Exercise -
In the data below, the answer is the run of lines from the line containing "VEVOR Yoga Swing" through the line containing "Smarto Relax Berlin", both included; print it exactly and nothing else.
======== Data excerpts ========
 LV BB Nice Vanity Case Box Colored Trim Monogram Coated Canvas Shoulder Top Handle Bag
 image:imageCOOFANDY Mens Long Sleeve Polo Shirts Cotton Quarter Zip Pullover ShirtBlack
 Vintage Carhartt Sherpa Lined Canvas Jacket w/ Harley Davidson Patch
========
======== Data excerpts ========
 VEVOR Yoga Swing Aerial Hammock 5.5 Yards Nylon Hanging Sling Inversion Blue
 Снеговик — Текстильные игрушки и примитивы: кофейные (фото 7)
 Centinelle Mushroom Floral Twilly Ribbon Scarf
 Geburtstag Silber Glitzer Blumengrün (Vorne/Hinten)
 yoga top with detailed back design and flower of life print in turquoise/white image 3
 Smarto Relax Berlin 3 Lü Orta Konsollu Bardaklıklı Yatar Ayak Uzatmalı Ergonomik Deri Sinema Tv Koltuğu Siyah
========
Exercise output -
 VEVOR Yoga Swing Aerial Hammock 5.5 Yards Nylon Hanging Sling Inversion Blue
 Снеговик — Текстильные игрушки и примитивы: кофейные (фото 7)
 Centinelle Mushroom Floral Twilly Ribbon Scarf
 Geburtstag Silber Glitzer Blumengrün (Vorne/Hinten)
 yoga top with detailed back design and flower of life print in turquoise/white image 3
 Smarto Relax Berlin 3 Lü Orta Konsollu Bardaklıklı Yatar Ayak Uzatmalı Ergonomik Deri Sinema Tv Koltuğu Siyah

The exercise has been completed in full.